- **Task to complete**: Every picture is to be removed, and all the data is to be copied exactly.

═════ Collected material

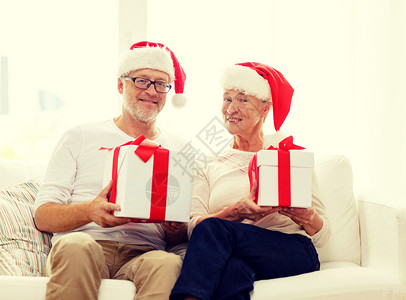 家庭,假期,圣诞节,龄人的快乐的老夫妇诞老人帽子与礼品盒家里图片
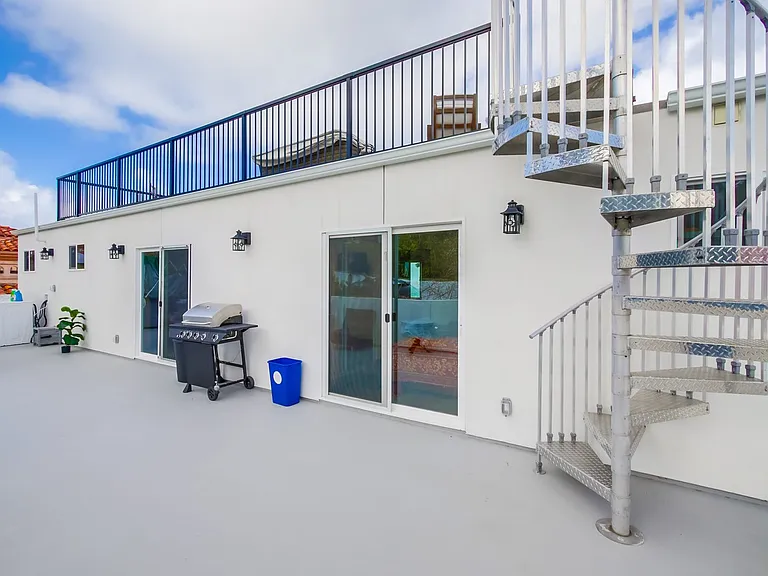 7788 Sierra Mar Dr — Photo 22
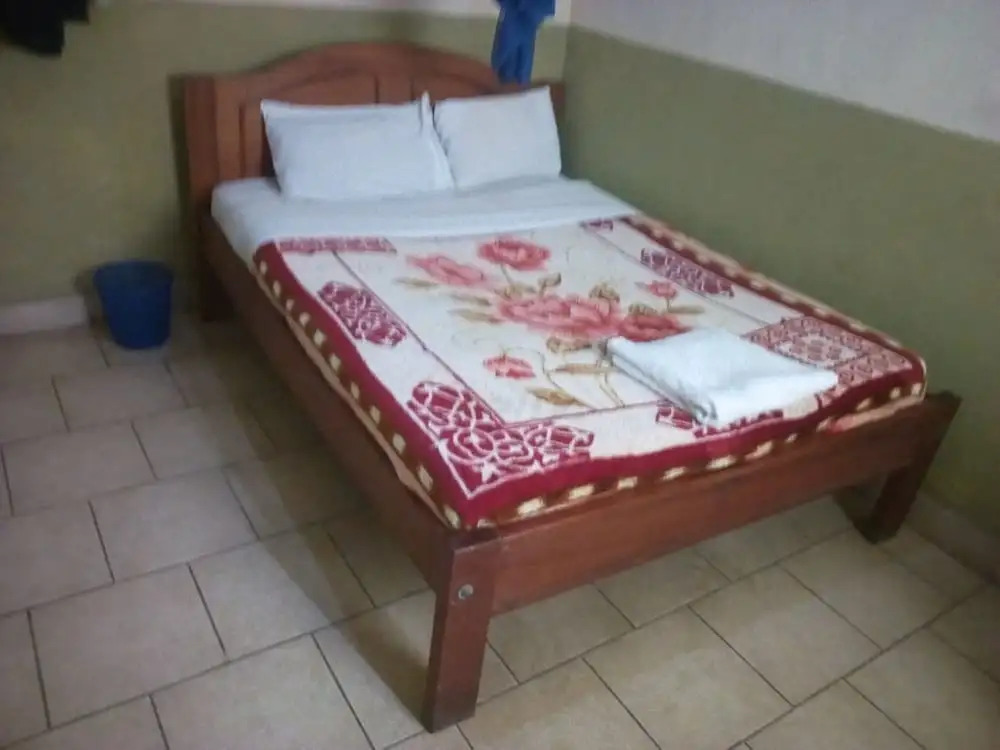 Liwa Guest House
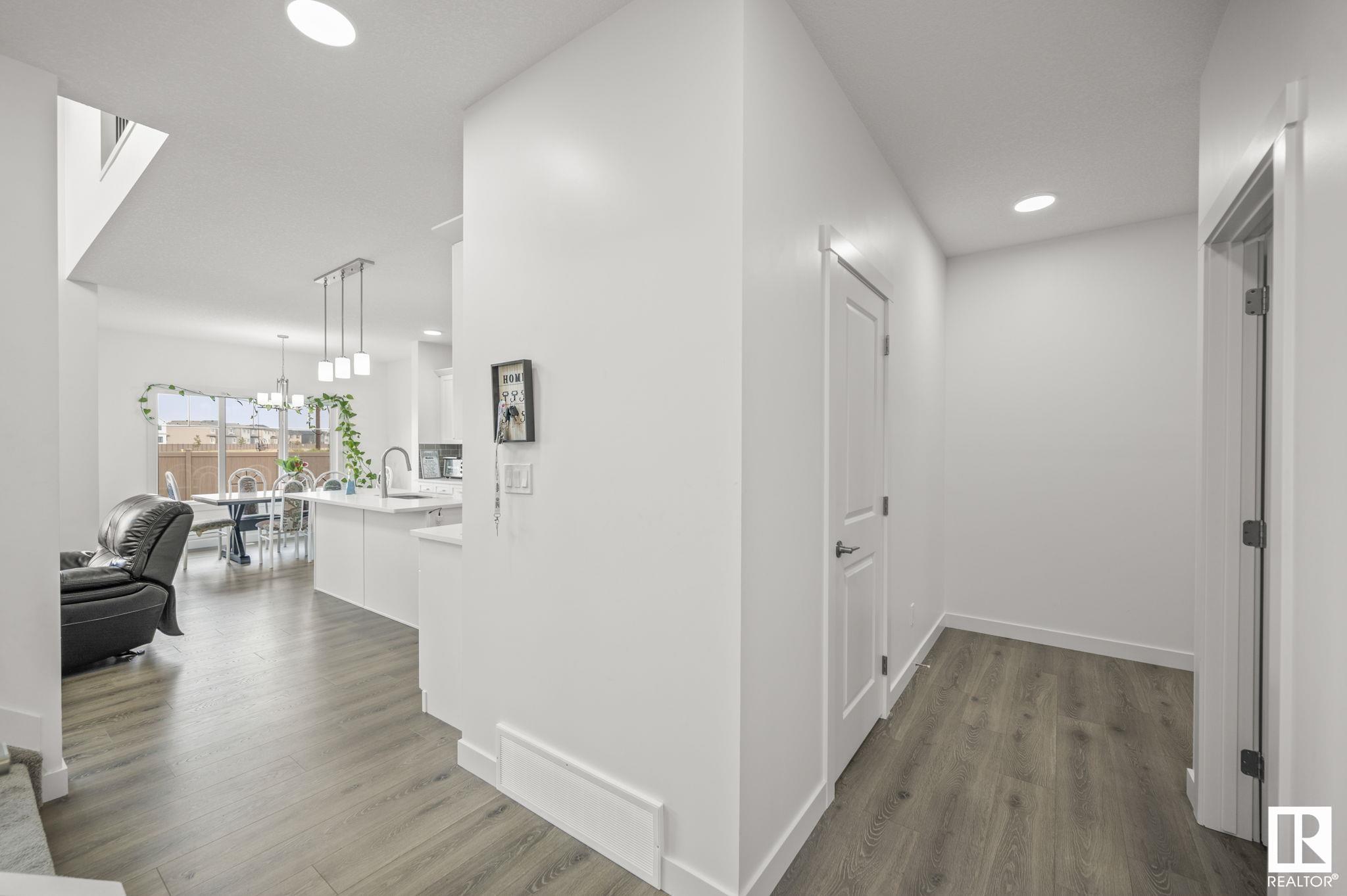      19738 29 AV NW , Edmonton,  ,T6M 2N6 ;  Listing Number: MLS E4420800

══════════

- **Response**:
 家庭,假期,圣诞节,龄人的快乐的老夫妇诞老人帽子与礼品盒家里图片
 7788 Sierra Mar Dr — Photo 22
 Liwa Guest House
      19738 29 AV NW , Edmonton,  ,T6M 2N6 ;  Listing Number: MLS E4420800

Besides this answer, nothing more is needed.